Life is a long series of many phases.  For those who live to advanced age as this tiny little Aunt has done…..many years go into the making of the life steps and stages.  Meeting each one with a good attitude and a strong spirit has been her specialty.  She is far from done with life yet and the 3 younger women are expecting to see her bounce back from this temporary setback.

She faced a lot of setbacks when her yet-young husband had to spend almost a year in a hospital facility in the mid-1950s after having a disease he had as a much younger man return when he was in his 50’s.  His wife ran the store, and dealt with everything that had to be dealt with that long year he had to be cared for in the special hospital in Northern Minnesota.  He recovered and came back to live another 40 good years with his wife and daughter and was able to work actively in their own home business in the lakes country. Toughness and perseverance is also one of her many "specialities".

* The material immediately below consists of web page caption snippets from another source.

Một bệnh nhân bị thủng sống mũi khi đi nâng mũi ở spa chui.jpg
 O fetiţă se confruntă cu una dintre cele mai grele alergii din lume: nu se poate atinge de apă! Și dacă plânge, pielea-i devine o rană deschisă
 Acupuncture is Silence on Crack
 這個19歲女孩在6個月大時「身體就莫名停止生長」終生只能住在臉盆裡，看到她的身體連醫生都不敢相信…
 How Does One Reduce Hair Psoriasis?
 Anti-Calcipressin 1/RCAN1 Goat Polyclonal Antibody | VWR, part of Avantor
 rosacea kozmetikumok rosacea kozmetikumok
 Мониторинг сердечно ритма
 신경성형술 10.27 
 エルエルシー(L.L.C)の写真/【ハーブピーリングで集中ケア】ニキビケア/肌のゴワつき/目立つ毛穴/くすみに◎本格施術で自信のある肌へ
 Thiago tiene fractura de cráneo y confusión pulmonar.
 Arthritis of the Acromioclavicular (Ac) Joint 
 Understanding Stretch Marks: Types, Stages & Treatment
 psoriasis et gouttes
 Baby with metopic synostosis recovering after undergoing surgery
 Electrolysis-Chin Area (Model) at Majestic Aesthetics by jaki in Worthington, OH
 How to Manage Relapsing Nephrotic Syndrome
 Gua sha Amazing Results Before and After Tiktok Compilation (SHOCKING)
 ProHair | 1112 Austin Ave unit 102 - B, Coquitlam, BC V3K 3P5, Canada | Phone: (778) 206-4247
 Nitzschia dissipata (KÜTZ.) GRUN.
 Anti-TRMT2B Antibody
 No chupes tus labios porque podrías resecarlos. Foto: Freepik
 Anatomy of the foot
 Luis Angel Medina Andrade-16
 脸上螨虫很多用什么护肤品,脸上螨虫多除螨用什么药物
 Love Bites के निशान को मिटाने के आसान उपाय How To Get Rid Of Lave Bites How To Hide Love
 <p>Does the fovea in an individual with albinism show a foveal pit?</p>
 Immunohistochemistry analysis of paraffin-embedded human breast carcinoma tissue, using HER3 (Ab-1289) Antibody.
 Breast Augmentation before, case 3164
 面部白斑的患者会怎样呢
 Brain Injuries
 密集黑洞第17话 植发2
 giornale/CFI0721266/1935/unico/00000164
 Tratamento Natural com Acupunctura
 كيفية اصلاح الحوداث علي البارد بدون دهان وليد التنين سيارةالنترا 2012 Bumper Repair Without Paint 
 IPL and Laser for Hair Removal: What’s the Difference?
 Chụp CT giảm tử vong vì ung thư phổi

No, the tiny frail lady is NOT done with life yet.  It will be interesting to see how she brings her zest for living and her postive attitude into yet another "life phase".

She is so tiny and fragile.  She is so bruised and badly banged up after taking a bad fall in her assisted living apartment.   She looks even more fragile as she lies in her hospital bed at the end of of very bad day and very bad night when she fell and banged her face and bruised her whole body in her laundry room.  None of us know how it happened and she does not know either.  We just know that she lay on the floor for hours before the staff at the assisted living did not get her usual morning message that she was "Ok" today and raced to check on her.  She had fallen and laid on the arm that held her emergency bracelet for calling for help.  She could not get at it.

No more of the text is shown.